There's a sense here of From striving just a little too hard to live up to the reputation Demon's Souls has built as the most hardcore game imaginable: a sort of savagely puritan hair-shirt epic of suffering, through which penitent gamers can renounce the sinful decadence of the refilling health bar, the waypoint marker and the usability-tested checkpoint.

But that's only half the truth. Yes, the game is difficult and obtuse. But it is also simple and elegant, with intuitive controls and a snappy, unfussy interface. It rarely presents a challenge that is unfair, convoluted, or requires hours of grinding or extreme dexterity to overcome. It's mostly a test of concentration and nerve.

And it's a labour of supreme love. Dark Souls' world of Lordran is beyond huge and is a single, contiguous space - but this is not the sprawling, repetitious wasteland of so much "open-world" game design.

Although pervaded by a sense of dread - reinforced by the dim lighting and sparse, echoing soundscape - Lordran's locations have tremendous variety and haunting beauty. They're linked by a labyrinth of shortcuts and alternative routes that opens the game out in a way that isn't at all linear yet is perfectly paced. You always have at least three different avenues to explore, and backtracking always uncovers something you missed.

Every inch of it is crafted. The intricacy and attention to detail in its construction are breathtaking. Beyond that, the fabulous artwork and poetic writing (you'll fight bosses called Moonlight Butterfly, Ceaseless Discharge, Executioner Smough and The Bed of Chaos) give the game a weird, mournful, dreamlike air that lingers in the mind.

A one-legged, headless stone statue drags itself around in a cave; you can run past it easily, but what would happen if you fought it?

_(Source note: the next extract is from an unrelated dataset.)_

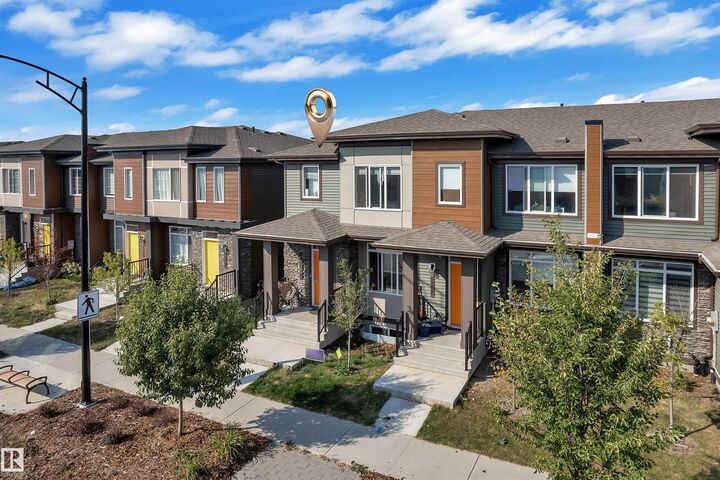 Property Photo: 1448 Keswick Drive SW AB T6W 4T9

A vendor annoys you with his lip; you attack him, he vanishes and his wares are denied you forever. A frog curses you, halving your health bar; lifting the curse becomes an epic quest in its own right.

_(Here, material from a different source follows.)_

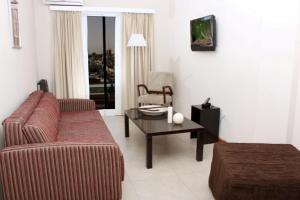- un salon avec un canapé et une table basse dans l'établissement De Los Arroyos Apart Hotel, à San Nicolás de los Arroyos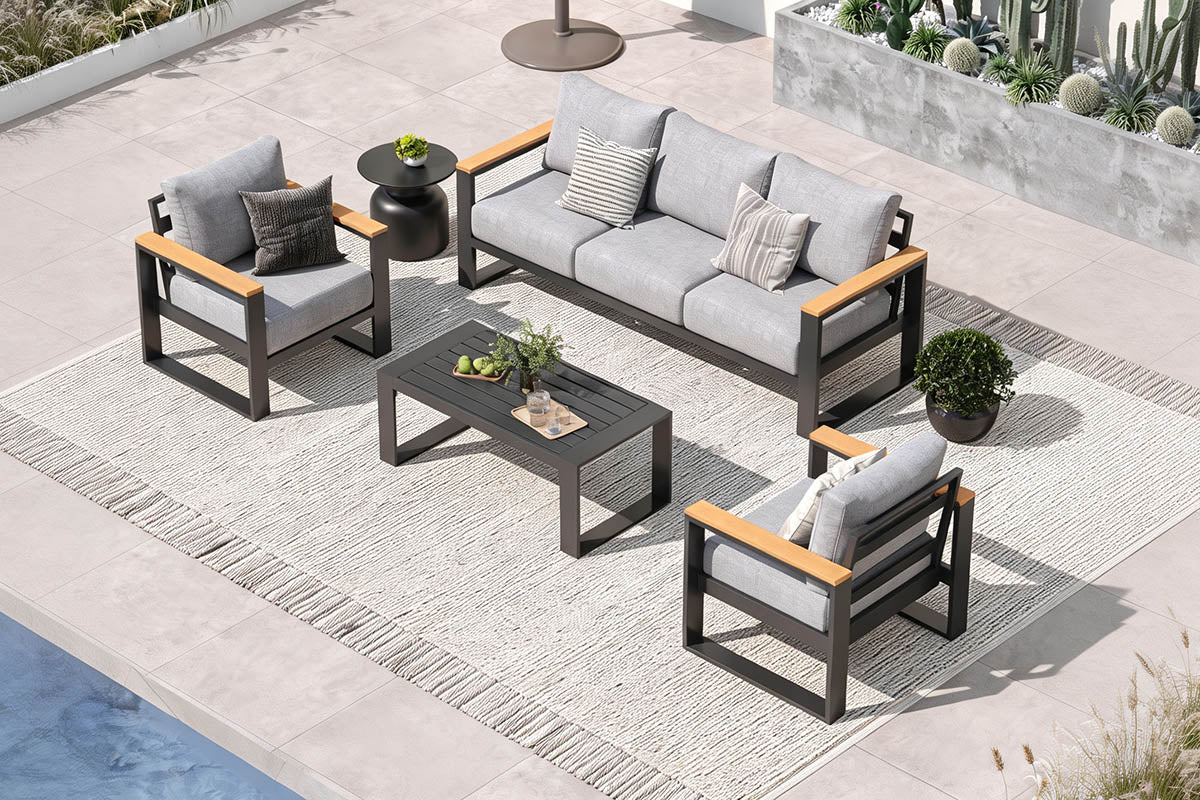Outdoor patio furniture set with gray cushions and wooden accents on a patio.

It's a mysterious and capricious place, but that just makes it powerfully real and threatening. Heart in mouth, you'll live every step you take in this realm. That is the higher purpose the game's difficulty serves.

So it's a shame when From loses sight of that and throws in a cheap boss or punishing bottleneck just for the sake of it, or confuses being enigmatic with being obstructive. But those slips are rare enough in a game as unique and gigantic as this.

If role-playing is to put you in the boots of an adventurer in a strange land and let you pick your path through it, then Dark Souls is a great role-playing game. If action is to test your skill in thrilling situations, then Dark Souls is a great action game. If adventure is to surprise and mystify you and invite you to uncover the secrets of a forgotten world, then Dark Souls is a great adventure game.

If entertainment is fun without failure and progress without pain, you'll have to find it somewhere else. But you'll be missing out on one of the best games of the year.